Another gondola turns the corner. And another. Another child laughs, another family walks through the piazza behind me.
A child is intrigued by me sitting by myself in the corner of a piazza with my feet inches from the green murky water of a Venetian canal. She walks up to me and tries to read what I am writing over my shoulder, taking it upon herself to keep a young stranger company. I say ‘Ciao’ she says ‘I only speak French’ (in French) so I say ‘Bonjour’ and she scurries off to her father.
Traffic, in Venice, means three or more gondolas on the same canal. It means navigating past each other as two of the slender boats pass under a bridge at once. It is the serene steering around others, the graceful compromise and negotiation of vessels. Traffic in Venice is like life.

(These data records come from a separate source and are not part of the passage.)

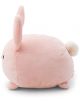 Плюшена играчка Nici - Зайче Pibu, 13 см. - Nici - Nici - 4012390631821-3-thumb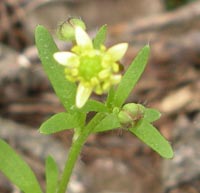 Small-flowered Crowfoot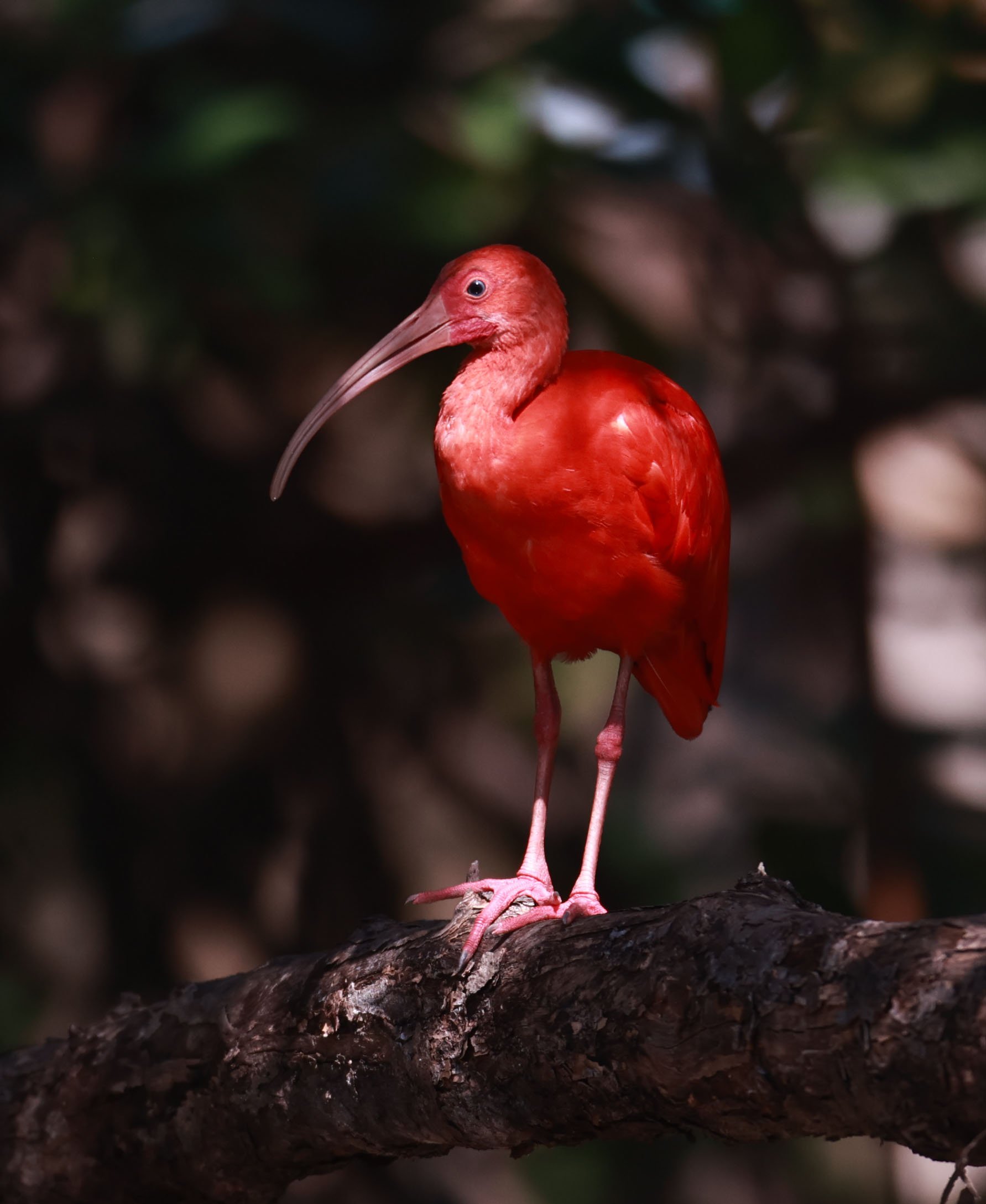 Ibis - Scarlet Ibis - Eudocimus ruber - 29 Songkaow Cafe, Chachoengsao Thailand (317).jpg
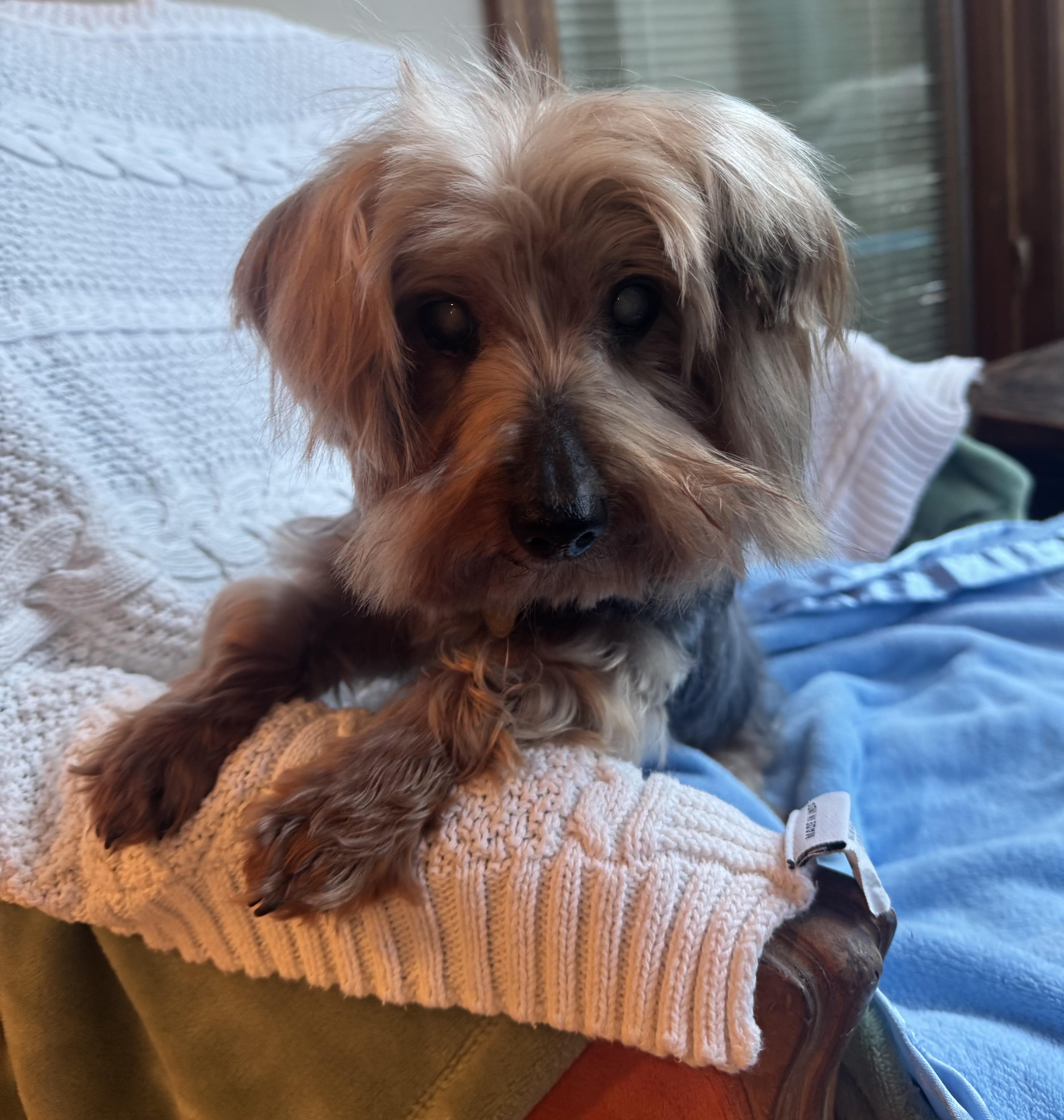 Chewy- BLIND, adopted, Senior Male Yorkshire Terrier.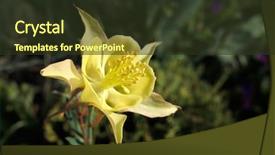  Presentation with iris flower yellow - Slide deck having yellow flower of columbine aquilegia background and a  colored foreground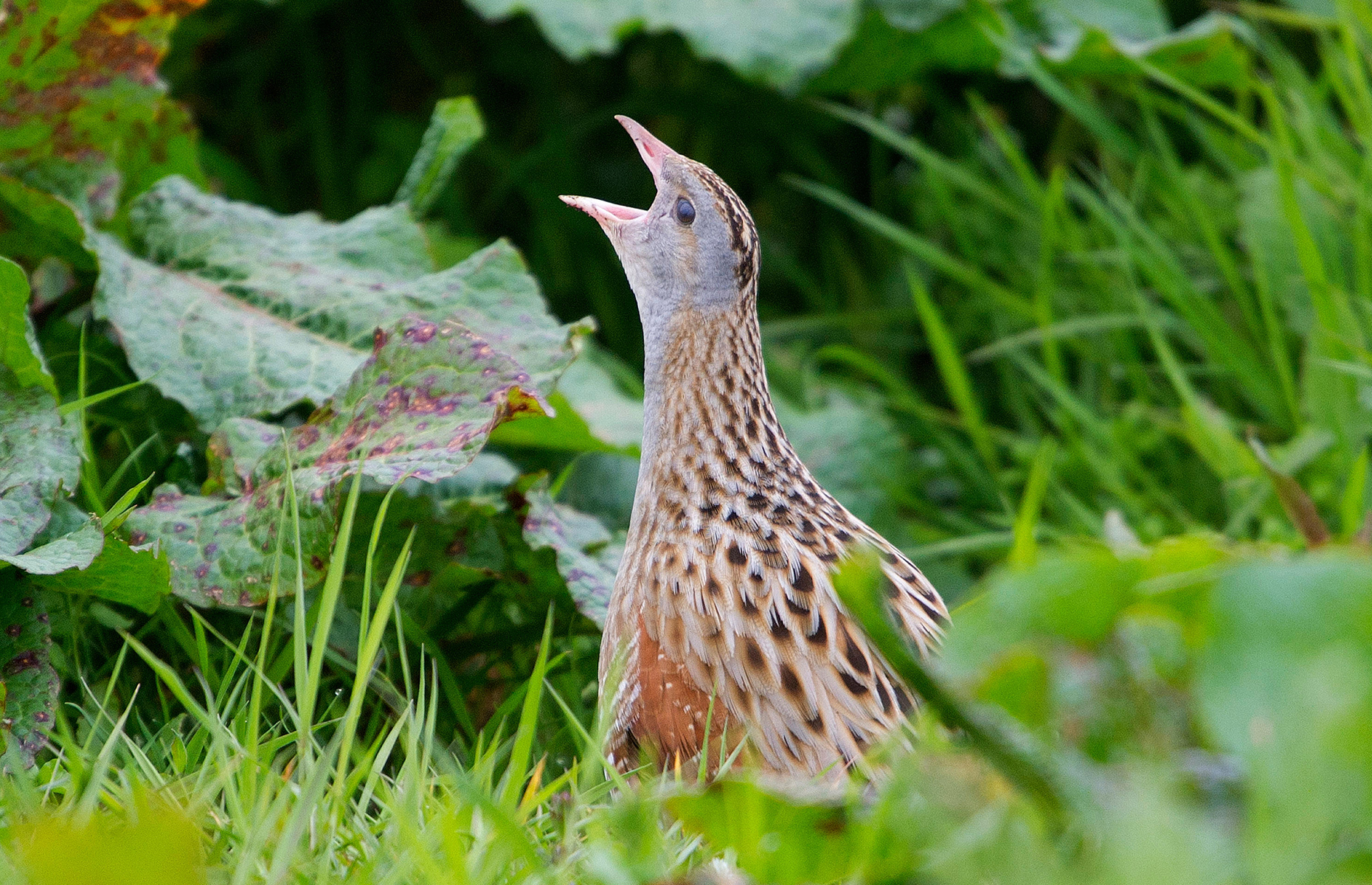 Corncrake at Balranald Nature Reserve, North Uist (Image: Ian Rutherford/Alamy Stock Photo)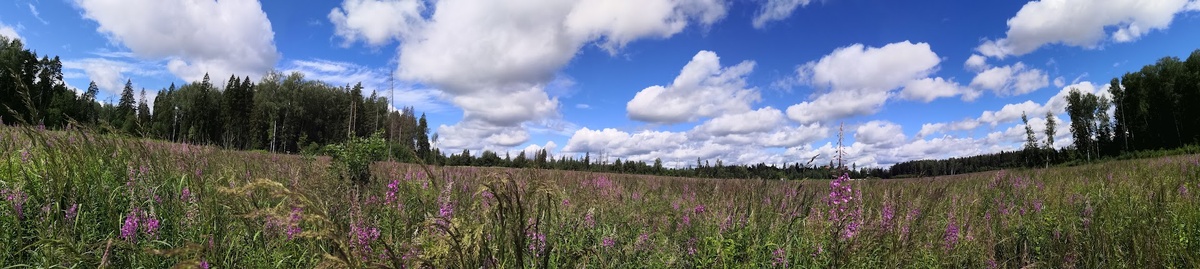 Поле перед лесом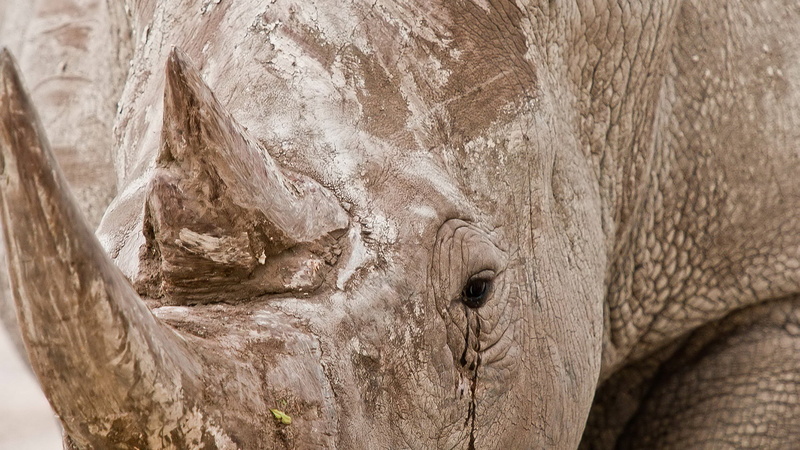 hole, african, one animal, animal wildlife, animal skin, mammal, animal head, wildlife, elephant, head, vertebrate, animals in the wild, wild, day, 1080P
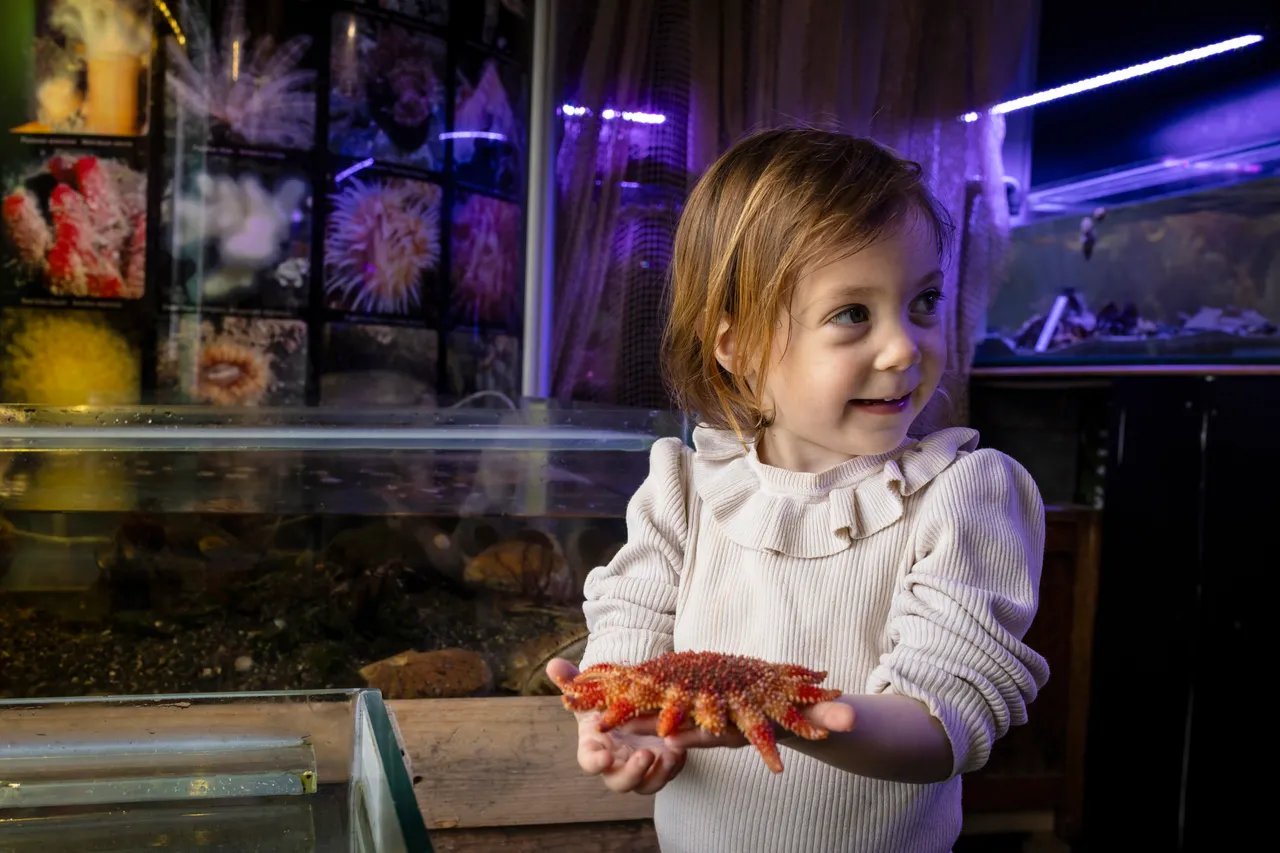 Mull Aquarium in Tobermory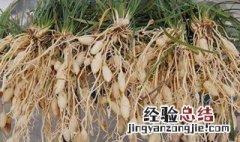 麦冬功效与作用的功效和作用是什么 麦尾冬的功效与作用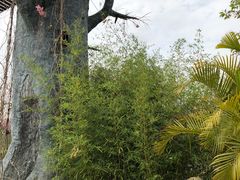 -天适樱花悠乐园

I am cold and slightly hungry but I would rather stay here than walk the short distance back to my house. How can I sit inside on a sunny day in Venice? How can I waste my already limited time here? I am trying to be happy and think positively and appreciate how fortunate I am to be here.
Three young boys, my age or slightly younger, steer a small red motorboat passed me. There is a gondola in front of them and a gondola behind them. They are trying to decide if they should turn right or turn left. “A destra o sinistra?” They go straight ahead.
As I sit here I think. I think about friends I have and friends I have lost, about people I know and people I knew. I think about people I miss, about relationships that I have had and relationships that I could have had. I think about how my right hand is much colder than my left.
Another gondola sails past me.
Mostly I am thinking about how curious it is that people can make you both blissfully happy and heart wrenchingly sad, often times the same person causing both. I think about how relationships- with friends, with family, with the opposite sex- have such an impact on one’s mood, one’s outlook and one’s life. I think about how sadness is a familiar feeling.
Four gondolas go past in succession.
And finally, I think about how people, good or bad nice or otherwise cannot rival the beauty of Venice.